Because IBM has a monopoly on the mainframe software and it can and does charge very high monthly software licensing fees for it. The typical high-end mainframe shop spends anywhere from tens of thousands of dollars to millions of dollars per month. The zSeries hardware, while exorbitantly expensive compared to cheap X86 iron, is not the pain point today for mainframe shops.

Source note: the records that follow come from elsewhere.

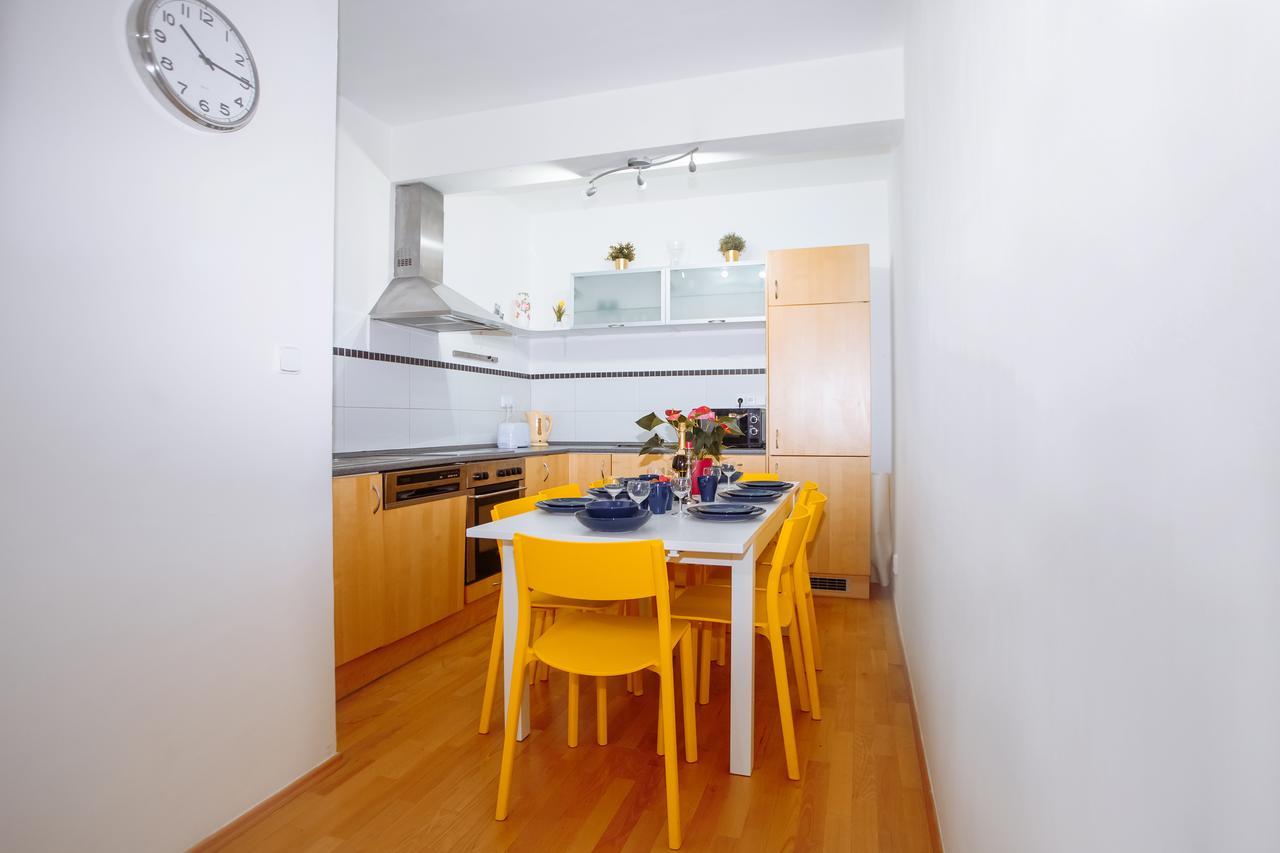 Beautiful Apartment In Central Residence براغ المظهر الخارجي الصورة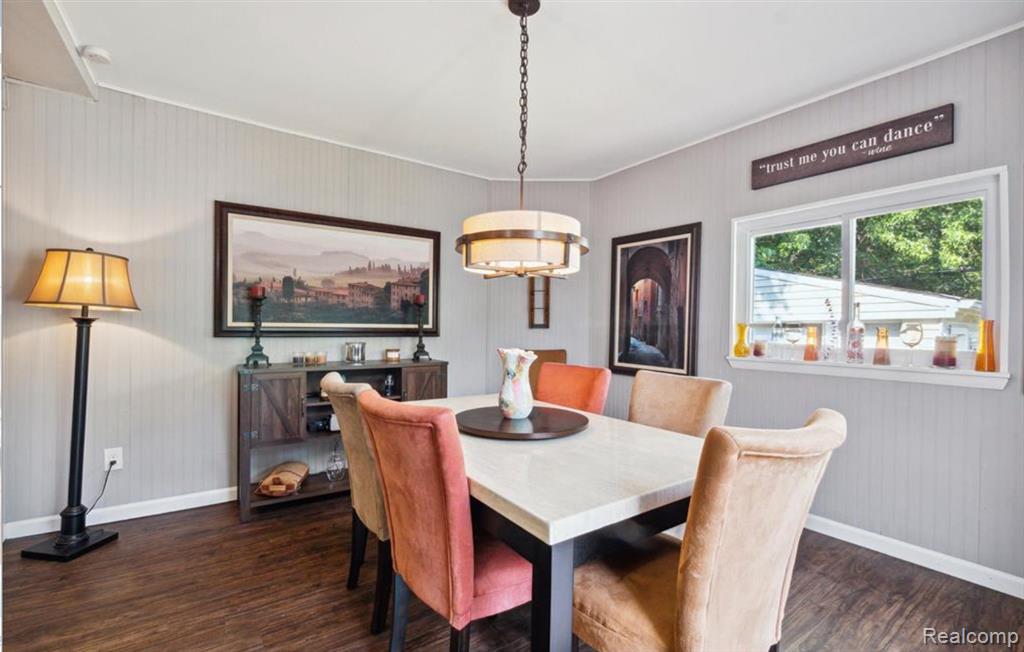 18280 Kinloch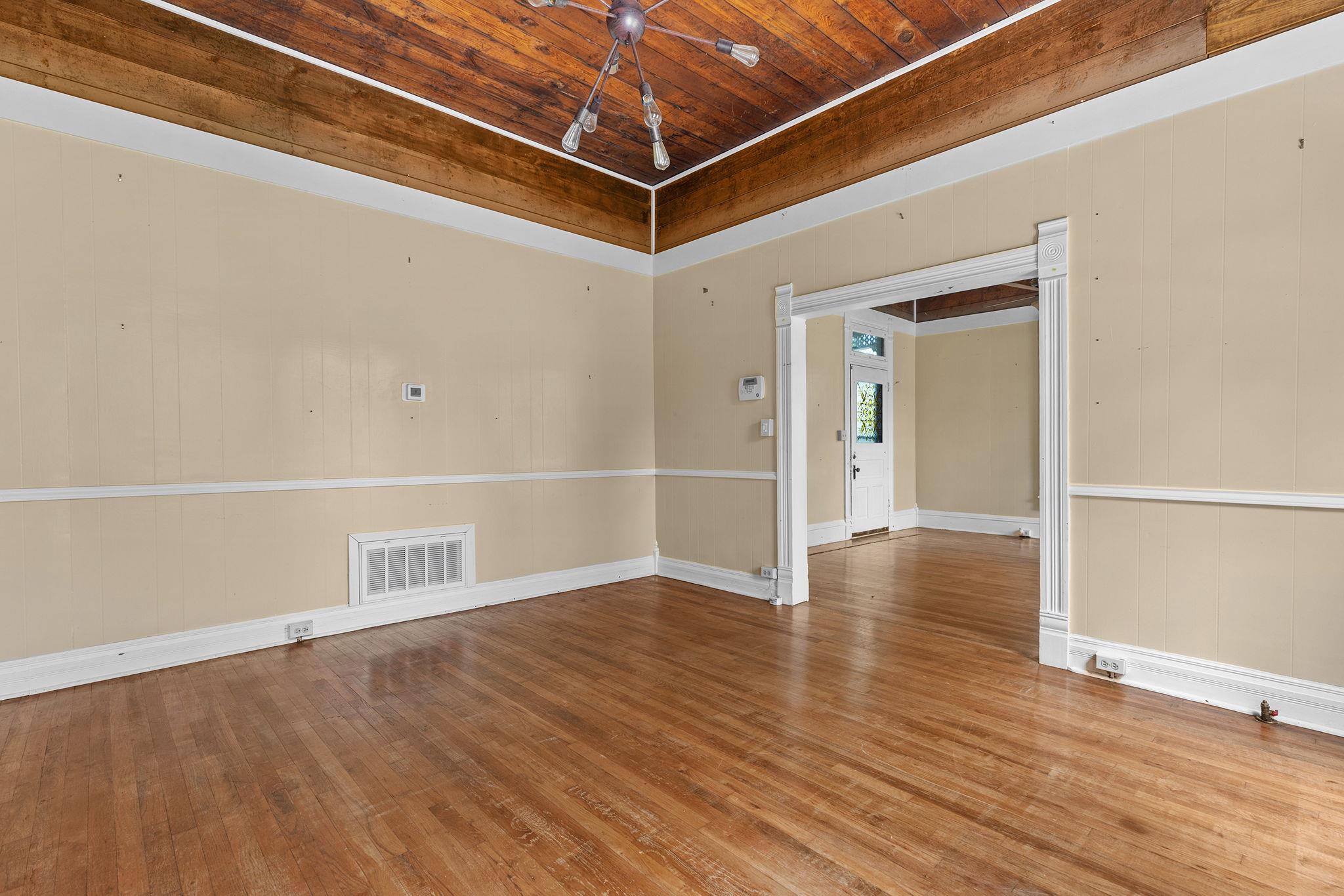 504 Gresham St Property Photo 10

That IBM software stack--z/OS, DB2, CICS, and a slew of related and necessary--is what have Microsoft and Micro Focus rubbing their hands with glee. But getting mainframe customers to switch, after 20 years of promises, has proven to be quite difficult, and there is no reason to believe that these two partners in a Mainframe Migration Lift-Off marketing program will have any better luck than any other program I have seen in dislodging mainframe shops from IBM hardware and software. The fact is, a small percentage of any customer base is always dissatisfied and ready for a change, and these marketing programs can only give them a little push. And the most dissatisfied IBM mainframe customers are not the large shops with thousands of MIPS, but those with smaller and usually older systems at midrange companies with tight budgets. To put this in perspective, Micro Focus says that it has performed 270 mainframe migrations. That is a good business, but it is not a mass migration.

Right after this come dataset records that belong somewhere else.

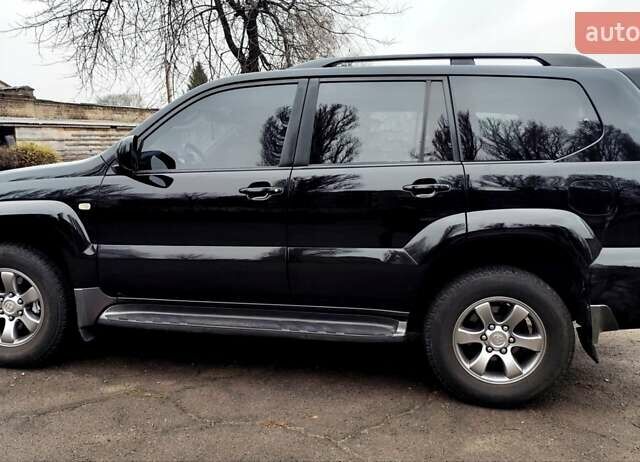Черный Тойота Ленд Крузер Прадо, объемом двигателя 3.96 л и пробегом 170 тыс. км за 18700 $, фото 3 на Automoto.ua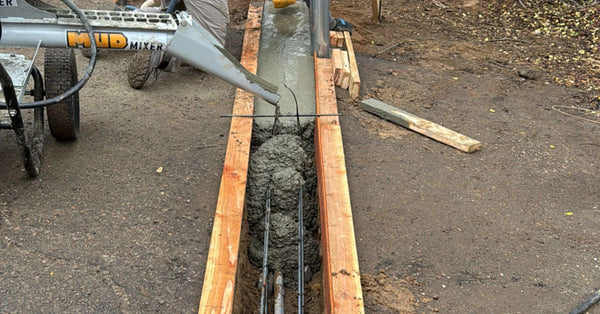 How to Pour Concrete for a Stem Wall Foundation Yourself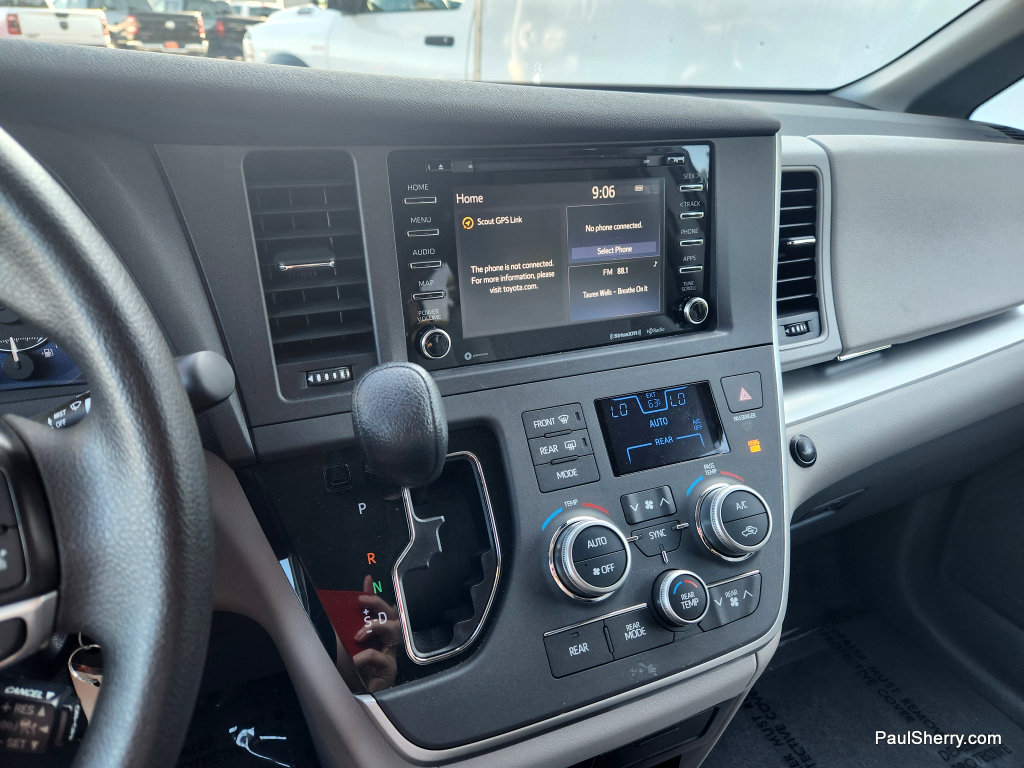 Used 2020 Toyota Sienna LE FWD image 43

The "lift and shift" campaign that Micro Focus has launched to sell its Enterprise Server and the CICS-like Mainframe Transaction Option component on Windows, Unix, and Linux platforms has substantial backing from Microsoft, which is an important change. But the hard work is still the same. Micro Focus and its partners have to use its tools to convert Ada, COBOL, mainframe assembler, PL/I, RPG, and other mainframe languages to Micro Focus COBOL, convert CICS transaction middleware to the MTO piece of Micro Focus Enterprise Server, and DB2, IMS, and other mainframe databases have to be converted to Oracle's Oracle9i, IBM's DB2 8.1, or Microsoft's SQL Server 2000. This is difficult work, and unless Microsoft actually pays Micro Focus to pay customers to make the move, the appeal is going to be limited.
So when Microsoft and Micro Focus claim, as they did last week, that they can redeploy mainframe apps to Windows running the Micro Focus software stack, and cut costs by up to 50 percent, that won't fall on deaf ears, but these mainframe shops have heard that before. Many times.